Re: Regression fit and random noise [message #83675] |
Fri, 29 March 2013 10:24  |
kisCA
Messages: 78 Registered: January 2011
|
Member |
|
|
> Philip and Craig, thank you for your example.
I still don't understand the asymptotic value I reach. My point is, if you "drown" your signal in noise, even if it's between 0 and 1, the R^2 should tend to zero.
Craig, what do you mean by: "R^2 itself has sample variance."

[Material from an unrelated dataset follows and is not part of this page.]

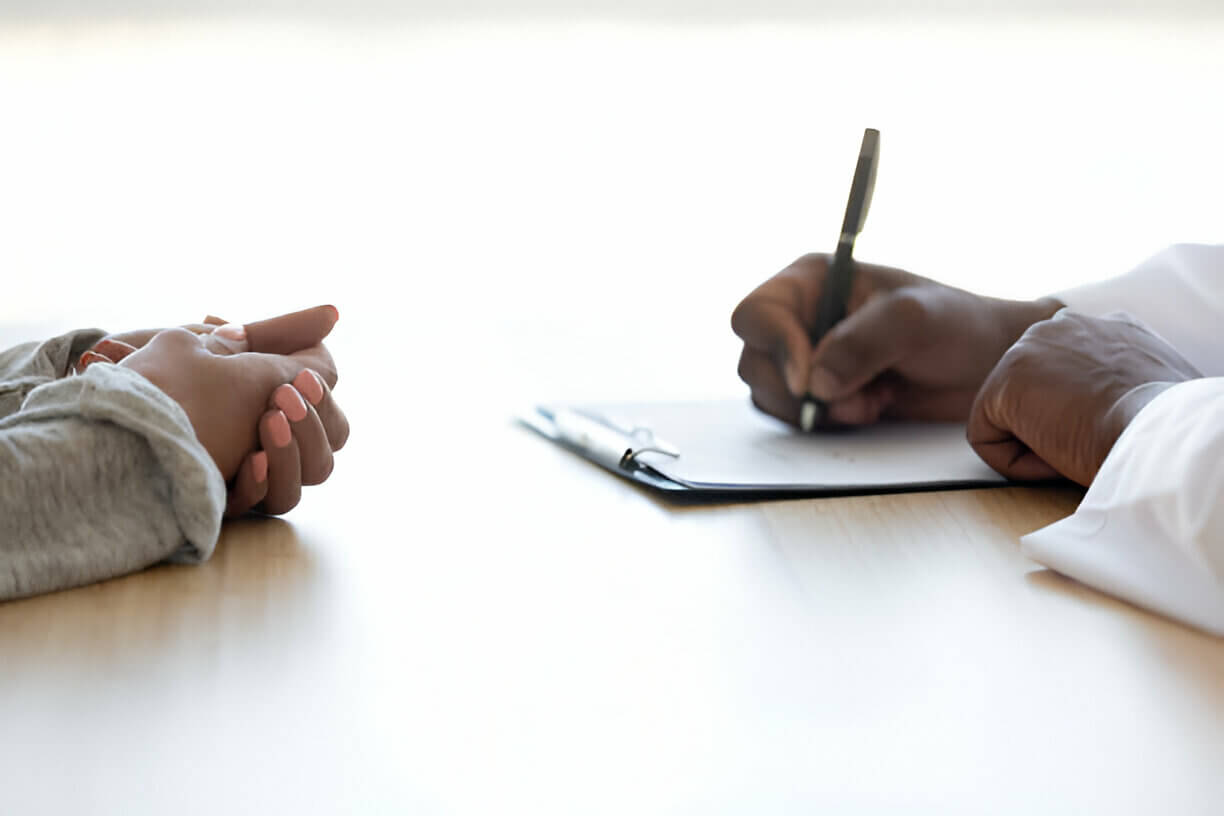 Best Medical Polish Translation Services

Thank you again for your help, things start clearing up in my mind
|
|
|
Re: Regression fit and random noise [message #83683 is a reply to message #83675] |
Thu, 28 March 2013 18:16   |
Craig Markwardt
Messages: 1869 Registered: November 1996
|
Senior Member |
|
|
On Thursday, March 28, 2013 7:37:34 PM UTC-4, kisCA wrote:
> I understand the process of "destroying" the correlation. What I don't get is why does the coefficient of determination (R2) reach a plateau value (0.3) and doesn't get closer to zero as I raise the noise_ratio a lot (like a hundred)...
>
>> "underlying statistics"
The little cut and paste example below should show that the correlation factors do indeed converge to zero as the noise value is increased. Of course an individual sample of random scale factors may not make a R^2 value that goes to zero. R^2 itself has sample variance.
Craig
x = randomu(seed,100) ;; Random X positions
ym = 0.3 - 0.7 * x ;; Pure Y model (no noise)
ye = 0.01 ;; Initial scatter
;; Sampled y value
ys = ym + randomn(seed,100)*ye
print, r_correlate(x, ys)
;; NOISE_FACTOR multiples
noise_factors = [1, 10, 100, 1000, 10000]

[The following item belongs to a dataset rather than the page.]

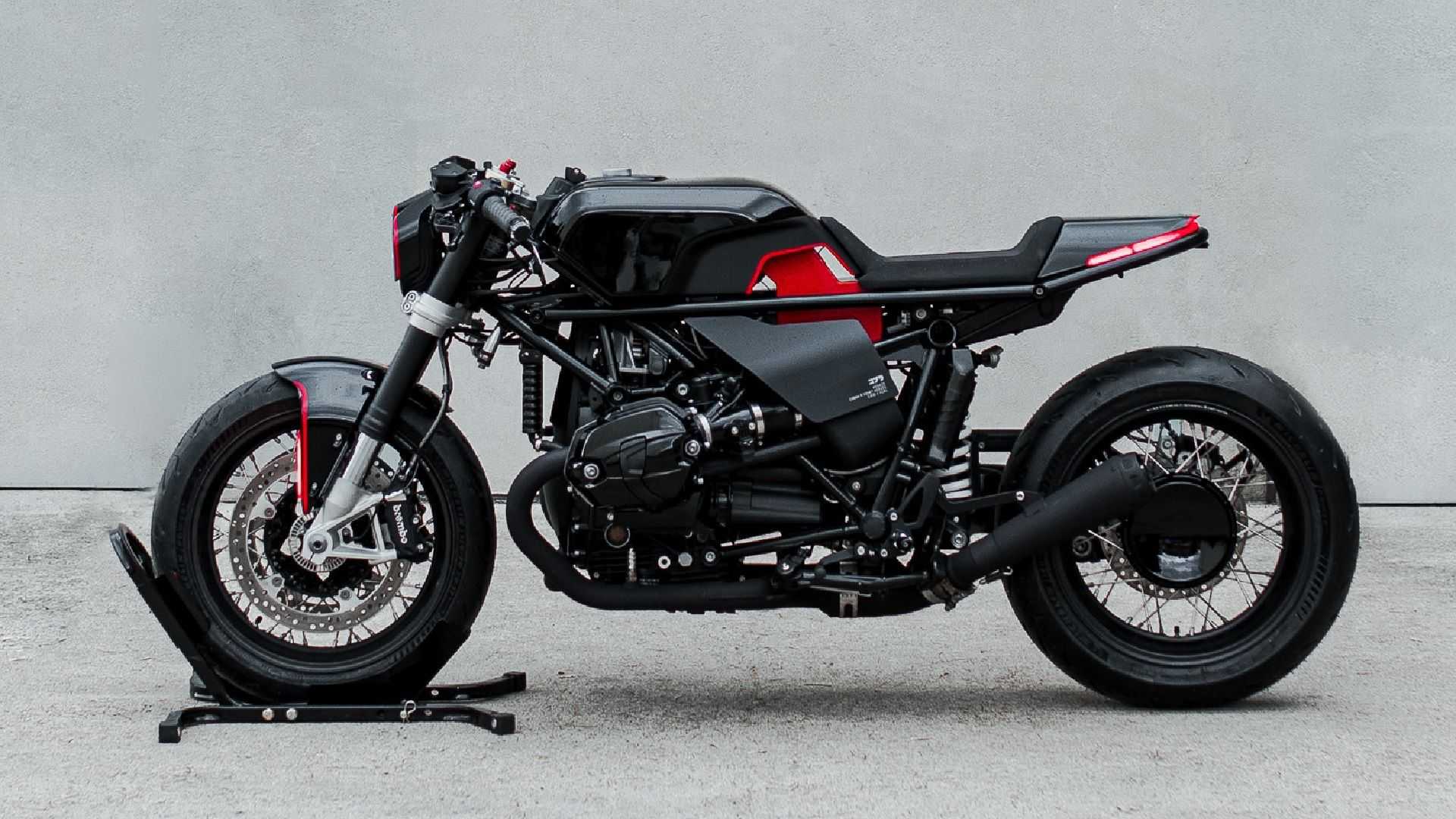 bmw r ninet hookie co 2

;; Try different noise factors
for i = 0, n_elements(noise_factors)-1 do begin & ys1 = ym + randomn(seed,100)*ye * noise_factors(i) & print, r_correlate(x, ys1)
;; EXAMPLE RUN:
;; i NOISE SPEARMAN SIGNIF
;; 0 1 -0.998248 0.00000
;; 1 10 -0.904374 5.05695e-38
;; 2 100 -0.175770 0.0802491
;; 3 1000 0.0576417 0.568917
;; 4 10000 -0.0107651 0.915328
|
|
|
Re: Regression fit and random noise [message #83685 is a reply to message #83683] |
Thu, 28 March 2013 16:40   |
Phillip Bitzer
Messages: 223 Registered: June 2006
|
Senior Member |
|
|
This is actually a good point, and likely explains your asymptotic value of the coefficient. Check out the sample code I posted to see an example of how to add uniform noise distributed about 0
----> noiseFactor*(RANDOMU(seed, npts)-0.5)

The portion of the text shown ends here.